A escolha do repertório foi intuitiva e demorou pouco, conta. Reflete, em grande medida, a natureza eclética de Gandelman. Nos anos 1970, ele se mudou para os Estados Unidos para estudar arranjo e composição na prestigiada Berklee College of Music. De volta ao Brasil, pôde enfim mergulhar no cancioneiro da terra natal, tocando na noite da capital fluminense.

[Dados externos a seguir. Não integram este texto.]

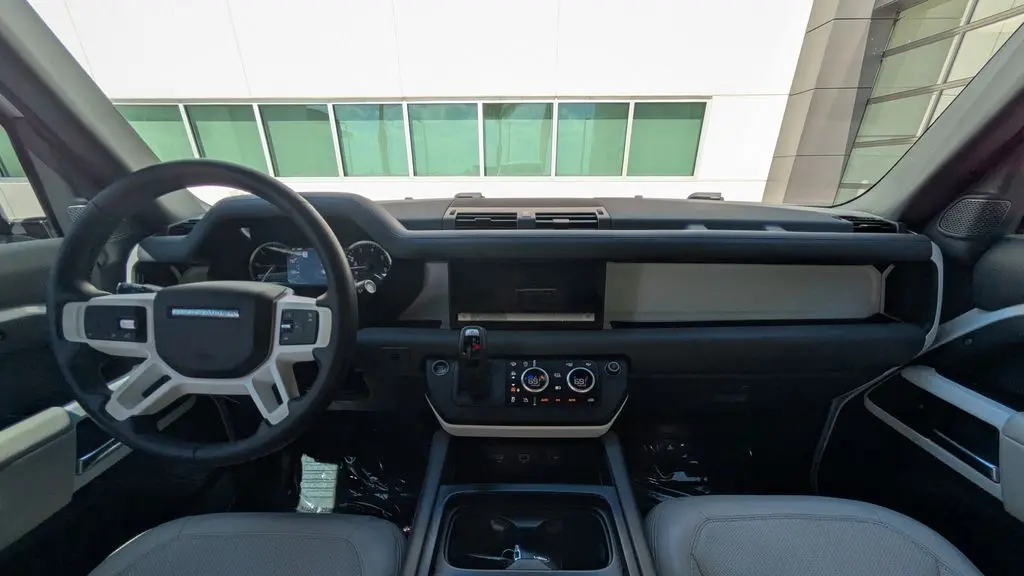 2023 Land Rover Defender 110 SE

“Acho que essa mistura é uma coisa bem do Brasil. Nossa escola sempre foi a da música clássica. Mas o Villa-Lobos, por exemplo, à noite tocava seu choro também. O Guerra-Peixe compôs muitas peças populares. O Gismonti, que veio do clássico, também mandava popular. A mesma coisa o Radamés Gnattali”, expõe o músico, que faz questão de rejeitar o rótulo de que faz música instrumental. “Isso não define um estilo, nem mesmo um público. Define apenas a ausência de um cantor.”
Embora se mostre aberto a interferências de qualquer ritmo, como todo bom músico, Leo Gandelman guarda sua porção tradicionalista. E ela tem a ver com os novos meios de se produzir e divulgar o trabalho, em tempos de democracia digital.
“Acho que o advento da internet, de todos serem donos dos meios de produção, deu uma banalizada nas artes de uma maneira geral. Hoje, como diria Tim Maia, ‘todo mundo é tudo, mas ninguém é nada’. Ainda existe muita gente fazendo coisa boa, mas você não precisa saber mais tocar um instrumento para poder tocá-lo.”